Niedrige Preise, niedrige Löhne: Die Friseurbranche hatte einen angekratzten Ruf.

(Foto: Catherina Hess)

Einen gesetzlichen Mindestlohn gibt es bald wohl überall in Deutschland. Friseure bekommen ihn schon seit Monaten - eine Zwischenbilanz.

Von Charlotte Dietz

Das Prestigeprojekt von Andrea Nahles nimmt Formen an. Der Gesetzentwurf der Bundesarbeitsministerin zum verpflichtenden Mindestlohn steht: 8,50 Euro für alle, mit wenig Ausnahmen. Am 2. April soll das Kabinett darüber beraten.

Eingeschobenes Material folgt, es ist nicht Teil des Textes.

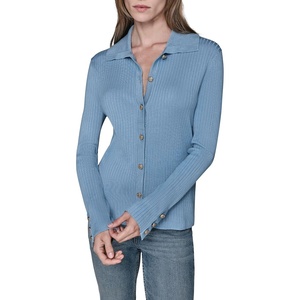 image:imageKarl Lagerfeld Womens Long Sleeve Collared Gold Buttons Essential SweaterGlacier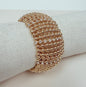 Gold Beaded 1.25" Wide Stretch Bracelet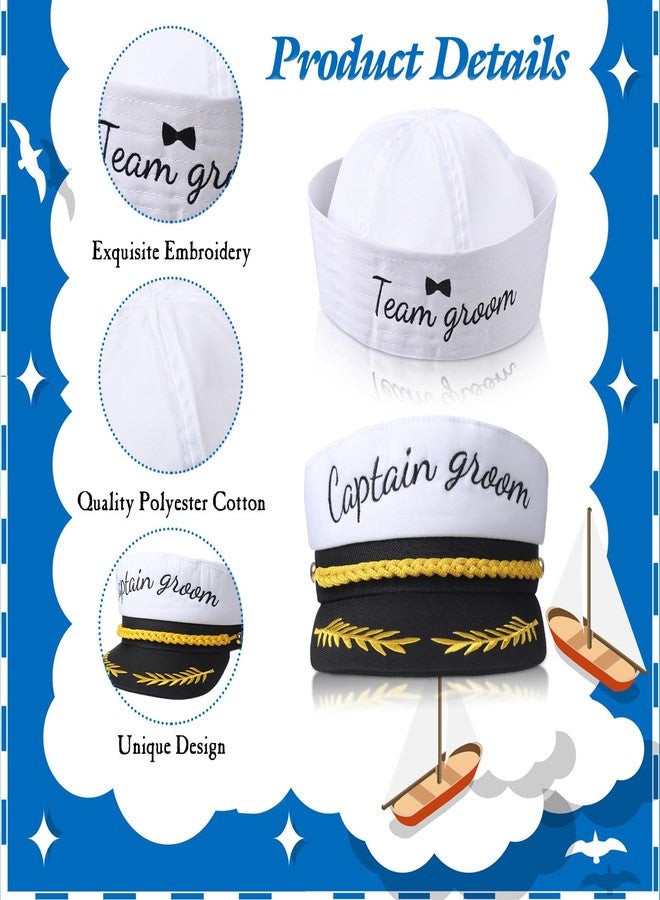 JaGely 7 Pcs Bachelor Party Favors Include 1 Captain Groom Hat and 6 Groom Sailor Hat Bachelor Party Decorations Accessories - Image 4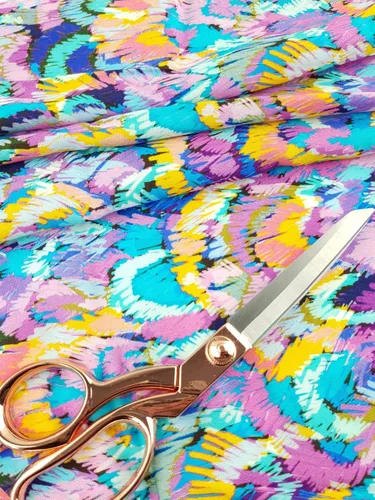 Vista 4 de Minerva Exclusive Proud Plumage Viscose Challis Fabric - per Yard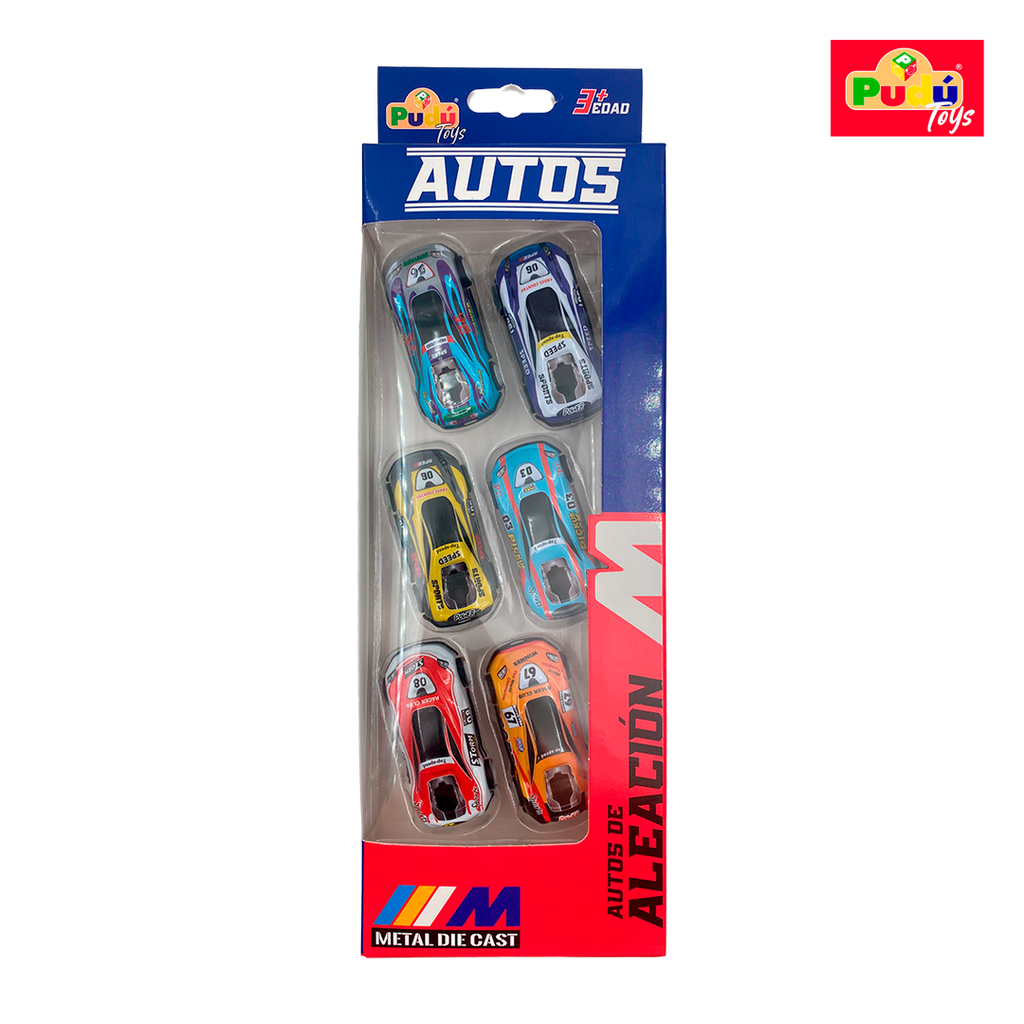 JC - Autos a Fricción Deportivos - Set 6 Unidades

In einigen Branchen haben sich Gewerkschaften und Arbeitgeber jedoch schon längst auf einen Mindestlohn geeinigt. Eine davon ist das Friseurhandwerk. Immer wieder waren die Arbeitsbedingungen in deutschen Salons in den Schlagzeilen gewesen: Stundenlöhne von unter fünf Euro, absurde Umsatzvorgaben, unbezahlte Überstunden. Dafür gab es Haarschnitte zum Spottpreis. Genug Auszubildende fanden die Friseure schon lange nicht mehr. "Wir hätten uns heruntergewirtschaftet", sagt Rainer Röhr, Vorsitzender vom Zentralverband des deutschen Friseurhandwerks.

Der Mindestlohn sollte Schluss machen mit diesen Zuständen. Doch konnte er tatsächlich helfen? Und lässt das Schlüsse auf den allgemeinen Mindestlohn zu? Süddeutsche.de hat bei Friseuren, Verbänden und Experten nachgefragt.

Lohngrenze: 8,50 Euro. So viel sollen Arbeitende in Deutschland von 2015 an mindestens verdienen. Auch bei den Friseuren steigt der Stundenlohn stufenweise auf diesen Betrag. Die Gewerkschaft Verdi einigte sich zunächst mit 26 Verbänden und Innungen auf 6,50 Euro im Osten und 7,50 Euro im Westen von August 2013 an. Im Dezember erklärte das Bundesarbeitsministerium die Löhne dann rückwirkend für allgemeinverbindlich - in ganz Deutschland müssen Saloninhaber ihn seit November zahlen. Dieses Jahr steigt er auf sieben Euro (Osten) und acht Euro (Westen). Von August 2015 an werden dann alle Friseure in Deutschland 8,50 Euro pro Stunde verdienen.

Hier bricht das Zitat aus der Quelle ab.